Lorsque la Cour d'appel de l'Ontario a été saisie de la présente affaire, cette Cour n'avait pas encore rendu l'arrêt Radio-Canada de 1983. La Cour d'appel a fait la distinction avec sa propre décision dans cette affaire en disant que la Loi sur la radiodiffusion fait de la Société Radio-Canada un mandataire de l'État « pour tous les objets de la présent loi » , alors que la Loi sur le contrôle de l'énergie atomique et la Loi sur le fonctionnement des compagnies de l'État font de chacune des intimées en l'espèce un mandataire de l'État « à toutes ses fins » . La Cour d'appel estimait que ces derniers mots sont plus larges que ceux qu'emploie la Loi sur la radiodiffusion et que, en vertu des dispositions législatives en question ici [TRADUCTION] « le statut de mandataire ne comporte aucune limite » .

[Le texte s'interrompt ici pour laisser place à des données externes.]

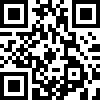 https://imna.ir/xbhmB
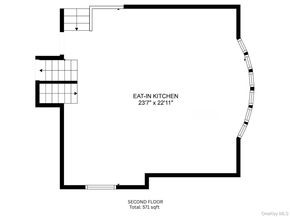 2445 E 65 Street, Brooklyn NY 11234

            Avec égards, je ne suis pas d'accord. La disposition de la Loi sur la radiodiffusion qui fait de la Société Radio-Canada un mandataire de l'État emploie les mots « les objets de la présente loi » parce que c'est la Loi sur la radiodiffusion qui crée la Société et lui attribue ses objets et ses pouvoirs (par. 34(1) et art. 39). Par contre, Uranium Canada et Eldorado ne sont pas créées par la Loi sur le contrôle de l'énergie atomique ou la Loi sur le fonctionnement des compagnies de l'État, mais sont dotées de la personnalité morale en vertu de la Loi sur les corporations canadiennes, et tirent leurs objets et pouvoirs de cette loi et de leurs lettres patentes. Dans ces circonstances, il serait inopportun que la Loi sur le contrôle de l'énergie atomique ou la Loi sur le fonctionnement des compagnies de l'État emploient l'expression « les objets de la présente loi » dans les dispositions attributives du statut de mandataire de l'État. C'est pourquoi je ne puis accepter que la différence dans la formulation ait l'importance que lui a attribuée la Cour d'appel de l'Ontario. À mon avis, toute limite que l'expression « les objets de la présente loi » peut imposer au statut de mandataire de la Société Radio-Canada est également imposée au statut de mandataire d'Uranium Canada et d'Eldorado par l'expression « ses fins » . Ainsi, l'arrêt Radio-Canada de 1983 fait ressortir la même chose qu'en l'espèce : un mandataire de l'État ne peut bénéficier de l'immunité prévue à l'art. 16 de la Loi d'interprétation que lorsqu'il agit conformément aux fins de l'État qu'il est autorisé à poursuivre.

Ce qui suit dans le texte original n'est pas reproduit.